When printing out the batch on each host/process, we get the following logs:
[2025-05-30 23:22:00,939][main][INFO] - Logical mesh shape: OrderedDict([('data', 1), ('fsdp', 8), ('tensor', 1), ('expert', 1)])
[2025-05-30 23:22:00,939][main][INFO] - Logical mesh device assignments: [0 1 2 3 4 5 6 7]
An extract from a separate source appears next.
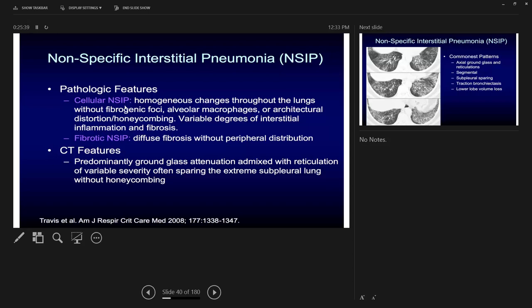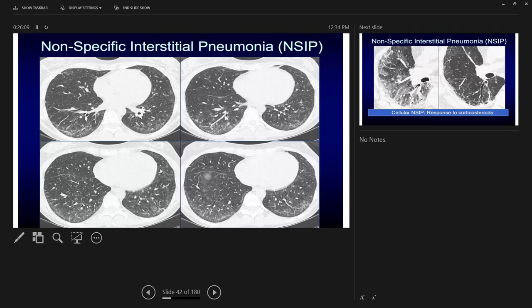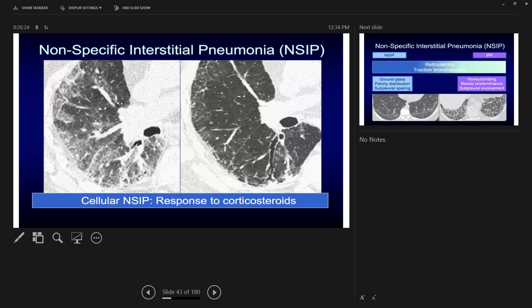The CT features of NSIP: predominant ground glass with some reticulations, and sub-pleural sparing when present is helpful. The pathological features to remember are homogenous fibrosis without fibrogenic foci and much less honey combing. If you can identify sub-pleural sparing on the CT scan — even if subtle — that supports NSIP over UIP.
[2025-05-30 23:22:00,940][main][INFO] - Minibatch dataloading: True
[2025-05-30 23:22:51,649][main][INFO] - All processes synchronized, starting training
[2025-05-30 23:22:51,649][main][INFO] - Num replicas: 2
[2025-05-30 23:22:51,649][main][INFO] - Num replicas: 2Host: 0, batch: {'input_ids': tensor([[ 284, 23947, 1231, ..., 220, 19, 51857],
[ 364, 82, 11094, ..., 1365, 448, 45556],
[ 323, 30739, 311, ..., 9886, 87152, 8933],
...,
[79323, 14336, 304, ..., 1393, 24917, 307],
[ 284, 715, 10751, ..., 315, 98098, 62940],
[ 389, 5813, 220, ..., 11678, 39294, 892]], device='xla:0'), 'attention_mask': tensor([[1, 1, 1, ..., 1, 1, 1],
[1, 1, 1, ..., 1, 1, 1],
[1, 1, 1, ..., 1, 1, 1],
...,
[1, 1, 1, ..., 1, 1, 1],
[1, 1, 1, ..., 1, 1, 1],
[1, 1, 1, ..., 1, 1, 1]], device='xla:0'), 'labels': tensor([[ 284, 23947, 1231, ..., 220, 19, 51857],
[ 364, 82, 11094, ..., 1365, 448, 45556],
[ 323, 30739, 311, ..., 9886, 87152, 8933],
...,
[79323, 14336, 304, ..., 1393, 24917, 307],
[ 284, 715, 10751, ..., 315, 98098, 62940],
[ 389, 5813, 220, ..., 11678, 39294, 892]], device='xla:0')}, shape: torch.Size([8, 4096])
Host: 1, batch: {'input_ids': tensor([[ 284, 23947, 1231, ..., 220, 19, 51857],
[ 364, 82, 11094, ..., 1365, 448, 45556],
[ 323, 30739, 311, ..., 9886, 87152, 8933],
...,
[79323, 14336, 304, ..., 1393, 24917, 307],
[ 284, 715, 10751, ..., 315, 98098, 62940],
[ 389, 5813, 220, ..., 11678, 39294, 892]], device='xla:0'), 'attention_mask': tensor([[1, 1, 1, ..., 1, 1, 1],
[1, 1, 1, ..., 1, 1, 1],
[1, 1, 1, ..., 1, 1, 1],
...,
[1, 1, 1, ..., 1, 1, 1],
[1, 1, 1, ..., 1, 1, 1],
[1, 1, 1, ..., 1, 1, 1]], device='xla:0'), 'labels': tensor([[ 284, 23947, 1231, ..., 220, 19, 51857],
[ 364, 82, 11094, ..., 1365, 448, 45556],
[ 323, 30739, 311, ..., 9886, 87152, 8933],
...,
[79323, 14336, 304, ..., 1393, 24917, 307],
[ 284, 715, 10751, ..., 315, 98098, 62940],
[ 389, 5813, 220, ..., 11678, 39294, 892]], device='xla:0')}, shape: torch.Size([8, 4096])
This seems to imply we are getting the global batch (8 samples) on each host even if the Minibatch is enabled. Any idea why this happened? Also the printed loss is the same on the two hosts in the VM. Many thanks!!!